When using Systems Manager Sentry VPN security, the username and password used to connect to the client VPN are generated by the Meraki cloud. Usernames are generated based on a hash of unique identifier on the device and the username of that device. Passwords are randomly generated.
Was this article helpful?
Related Articles
Recently I received a Cisco Meraki Z3 from my work to be used at home as a teleworker gateway. If you don’t know what a Meraki Z3 it’s a teleworker gateway that provides enterprise-class firewall, VPN gateway and router all in one.
My coworkers that work with Cisco Meraki day in a and day out love this equipment.
In this article, we are going to create a site to site VPN with the Meraki Z3 and Azure VPN gateway.

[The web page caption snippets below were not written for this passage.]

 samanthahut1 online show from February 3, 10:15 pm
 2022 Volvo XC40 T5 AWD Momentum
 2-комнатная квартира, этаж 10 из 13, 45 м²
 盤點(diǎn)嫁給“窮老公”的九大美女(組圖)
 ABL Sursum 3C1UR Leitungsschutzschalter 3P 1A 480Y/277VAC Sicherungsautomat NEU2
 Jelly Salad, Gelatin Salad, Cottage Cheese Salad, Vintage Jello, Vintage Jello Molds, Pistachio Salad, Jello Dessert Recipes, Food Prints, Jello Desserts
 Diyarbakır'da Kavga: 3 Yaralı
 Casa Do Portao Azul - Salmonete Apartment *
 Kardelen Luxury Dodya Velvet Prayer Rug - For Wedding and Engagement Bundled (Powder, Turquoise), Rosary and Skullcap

The following steps are completed in PowerShell and take roughly 45 minutes to complete due to the creation time required for the VPN gateway.
Create Resource Group
Create a new resource group in your Azure subscription.
Create vNet and Subnets
Create a virtual network with two subnets. The first subnet called “default” is where your endpoints in Azure will reside. But you need to create another subnet called “GatewaySubnet”, it must be this name, or else Azure won’t treat it as a subnet gateway.
Create local network gateway (on-premise)

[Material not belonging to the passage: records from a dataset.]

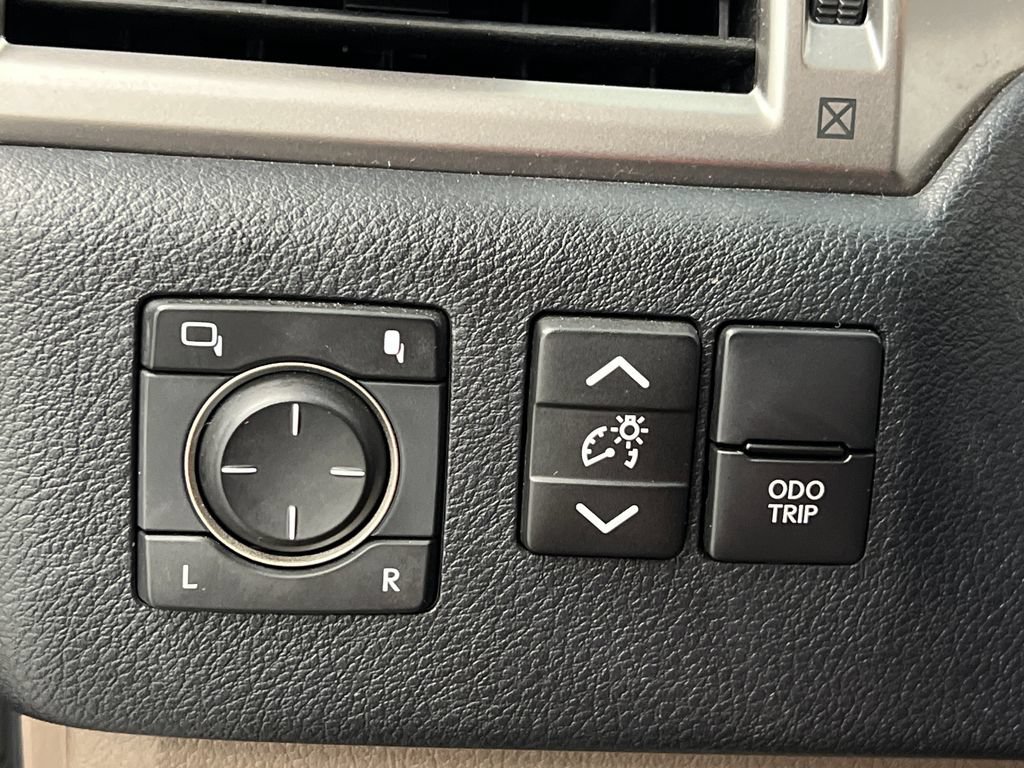 Used 2022 Lexus GX 460 Premium w/ Accessory Package AWD/4WD image 54
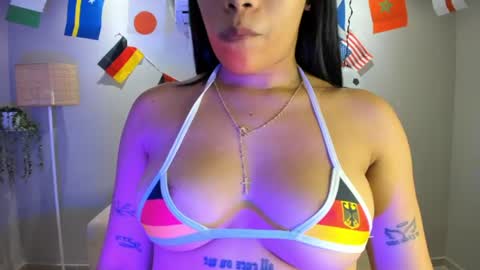 Noemy online show from June 25, 1:05 pm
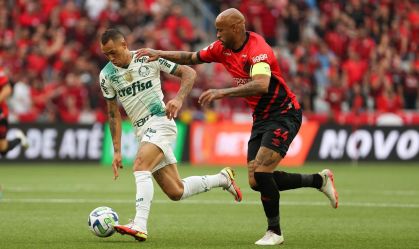 Breno Lopes e Thiago Heleno disputam a bola em jogo do Campeonato Brasileiro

Create the local network gateway which specifies the specifics of your on-premises location. In the case of this example, my lab has three subnets I want to expose. The GatewayIpAddress parameter refers to your public IP address for your on-premises location.
Create Public IP address
Create the public IP address for your VPN gateway to be able to communicate back to your on-premises location.
Create the VPN Gateway Connectivity
Create the VPN gateway connectivity by assigning the subnet and public IP address.
Meraki Vpn Split Tunnel
Create the VPN gateway
We will combine all the previous steps to create a VPN gateway. Building a VPN gateway can take some time to complete, for me, it took on average 30 minutes to complete.
Configure the connection
Create and configure the connection between Azure and your on-site router. I used the cmdlet New-Guid to randomly generate a PassPhrase and output me the results so that I can use it in the next step to configuring pfSense.

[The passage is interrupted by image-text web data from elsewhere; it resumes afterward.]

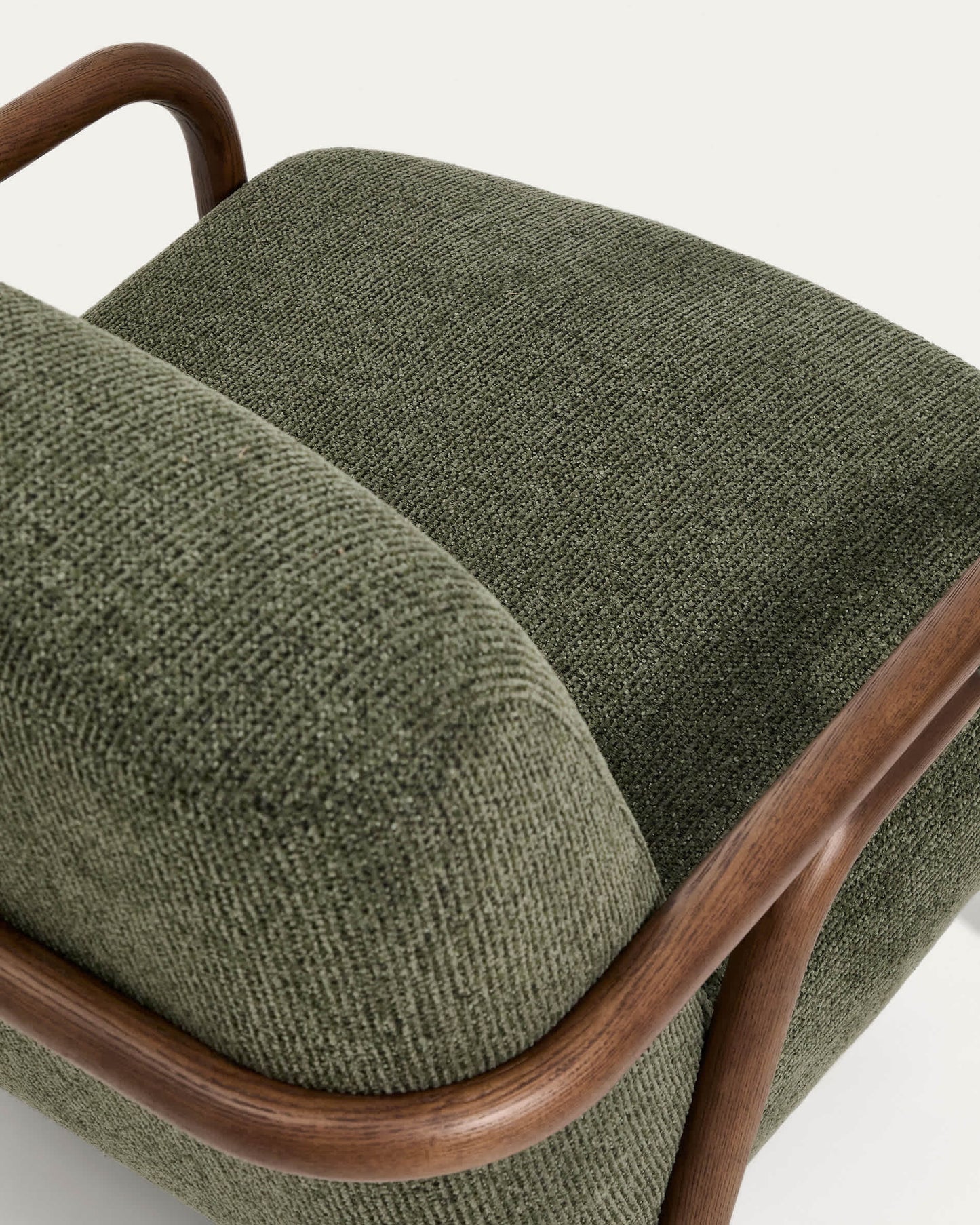 Poltrona Sylo in ciniglia verde scuro e legno massiccio di frassino con finitura color noce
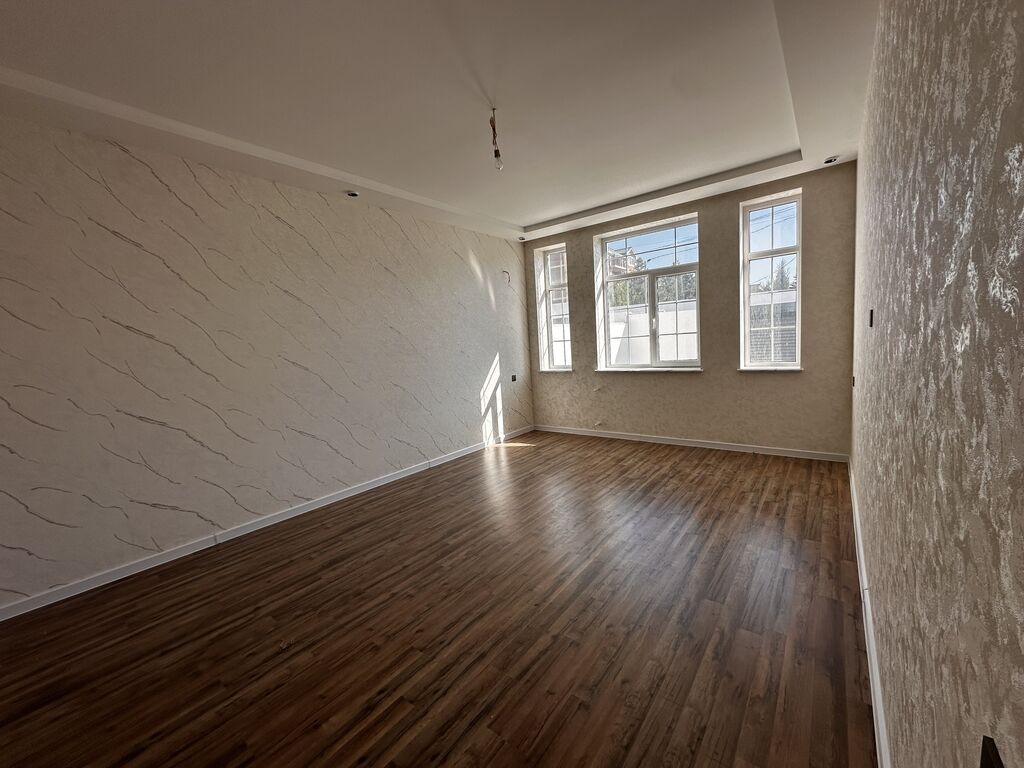 4 otaqlı, 145 kv. m, Kredit yoxdur, Yeni təmirli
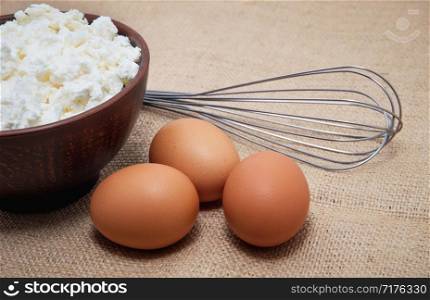 Cottage and eggs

Configure site-to-site VPN
- Login to your Meraki dashboard https://dashboard.meraki.com
- Go to Teleworker gateway and select site-to-site VPN
- On the site-to-site VPN page, under type select Hub (Mesh)
- Further down on the page, under VPN settings, select the appropriate local networks that will be available for the VPN connection.
- Continuing on the same page, under Organization-wide settings, Add a peer.
- The non-Meraki VPN peers will appear and add the required information:
- Name: provide name for the connection
- Public IP: public IP of the Azure VPN gateway
- Private subnet: Azure virtual network address space (do not enter individual subnets)
- IPsec policies: click on default and change the preset to Azure
- Preshared secret: enter the preshared key you used to create the Azure VPN gateway.
Verify connectivity
- Go to Teleworker gateway and select VPN status
- Go to Non-Meraki peer, ensure the status color is green.
- If the status is not green, go to the event log to troubleshoot.
Setup Meraki Vpn
I ran into a few issues during the setup and here are some of the errors I did and how I corrected it.
Configure Meraki Vpn Radius
- Azure VPN gateway was set to route-based. I had to delete the VPN gateway and recreate the gateway with the VPN type as Policy-based
- When configuring the site-to-site VPN on the Meraki dashboard, ensure the private subnets equals the address space configuration for your Azure virtual network.